I currently have 2 DSR6000 units which both have lifetime subscriptions on them. I'm considering getting another unit. I've been looking on eBay and have seen Series 1 units that say they have lifetime subscriptions that are transferrable to the new owner because the subscription is tied to the unit not the person.

Is this true? If I buy one of these units, how do I get DirecTV to transfer the lifetime subscription that it has over to me so that I don't have to pay the monthly fee for that unit?
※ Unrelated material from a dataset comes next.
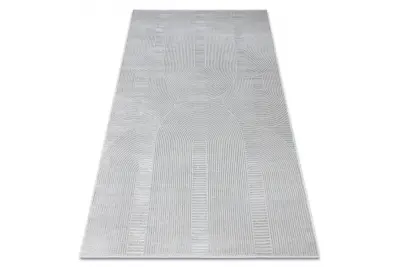 Preproga BALANCE 9086 siva - Geometrija, strukturna, glamour 200x290 cm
Are there any special steps or phrases that I need to say to the customer service rep?

Thanks


----------



## RBerryman (Sep 17, 2002)

You should only have to have paid for 1 lifetime sub. and then that one will cover the additional DTivo's without having to add another lifetime, I think that as many as 8 DTivo can be on an account under 1 lifetime sub.


----------



## JimSpence (Sep 19, 2001)

When DirecTV took over the administration of the combo units, the lifetime subscriptions were moved from the unit to the account. You can add any new DirecTV DVR to your account and not pay any extra TiVo fee. If you buy a DirecTV DVR from ebay that lists lifetime subscription, be very wary. It is probably overpriced.


----------



## dnbassassin (Sep 10, 2003)

i use to work in a department that just did tranfer for tivo lifetime. From the rules that person, that you bought your tivo from must no longer have acct with directv. At one time person had to buy tivo lifetime service for their tivo. Then service can be tranfer but you must provide pervious owner info for them to confirm that person had lifetime. They will take 30 days for them to tranfer because system only allow one day a month to make the change. You see premier dvr $0 charge which is same service till it is change over. Besure and ask for the seller info before buy on ebay and directv can confirm that if that only the question you ask.


----------



## JimSpence (Sep 19, 2001)

The problem I see is that the eBay buyer may be paying too much for a DirecTV DVR that has lifetime, which means nothing if you already have lifetime registered units with DirecTV.


----------



## Michael248363 (Jul 23, 2002)

So what it sounds like people are telling me is that I can get any DirecTV DVR and regardless of what subscription it had or didn't have it will go under my existing lifetime subscription?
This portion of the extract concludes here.